(Required work): Drop every image, then reproduce the data exactly as given.

(Data below):
--- START ---

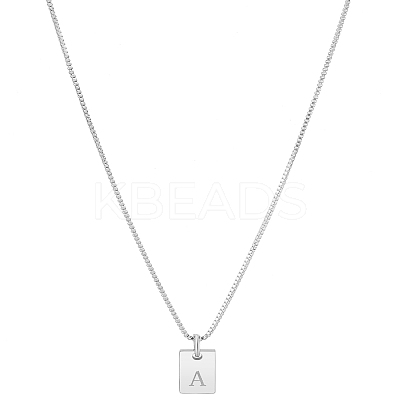 1Pc Stainless Steel Letter Rectangle Pendant Necklaces NJEW-LP0001-34A-P-1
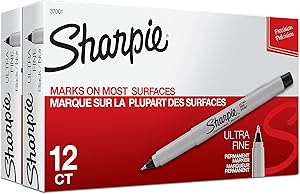 Sharpie Permanent Markers Ultra-Fine Point Black 24-Count Set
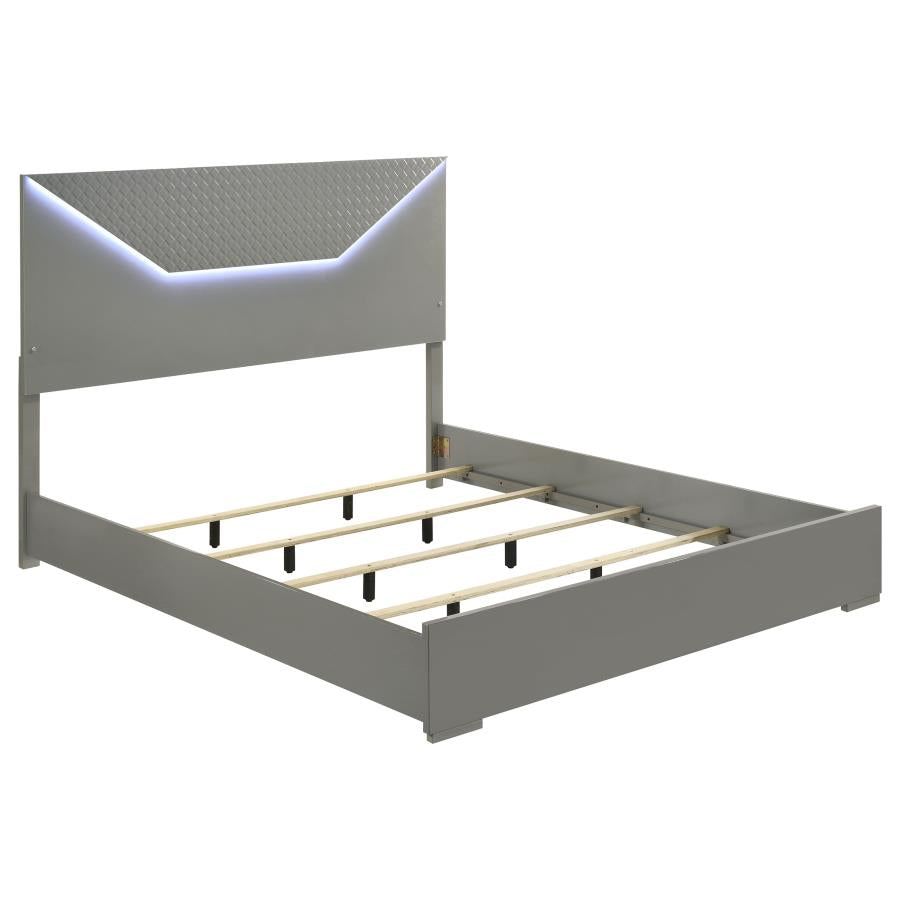Ives Grey High Gloss 4-Piece Eastern King Bedroom Set by Coaster at Eve Furniture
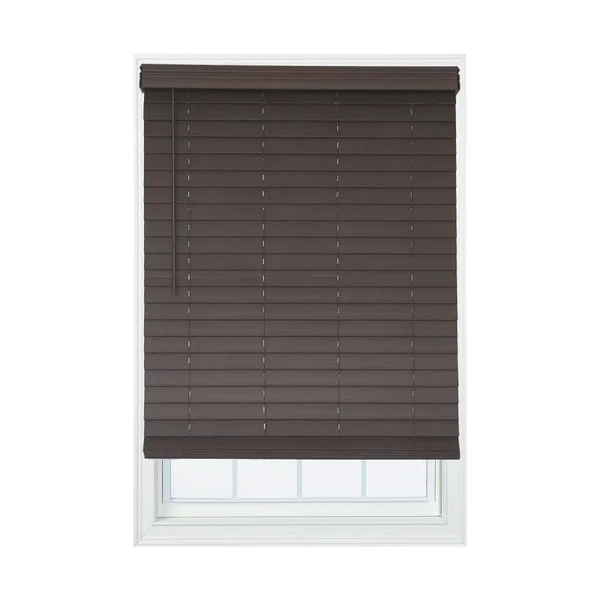 Allen + Roth 2.5-in Slat Width 61-in x 72-in Cordless Brown Faux Wood Room Darkening Horizontal Blinds, DFHSC6672-61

--- END ---

(The completed task):
 1Pc Stainless Steel Letter Rectangle Pendant Necklaces NJEW-LP0001-34A-P-1
 Sharpie Permanent Markers Ultra-Fine Point Black 24-Count Set
Ives Grey High Gloss 4-Piece Eastern King Bedroom Set by Coaster at Eve Furniture
 Allen + Roth 2.5-in Slat Width 61-in x 72-in Cordless Brown Faux Wood Room Darkening Horizontal Blinds, DFHSC6672-61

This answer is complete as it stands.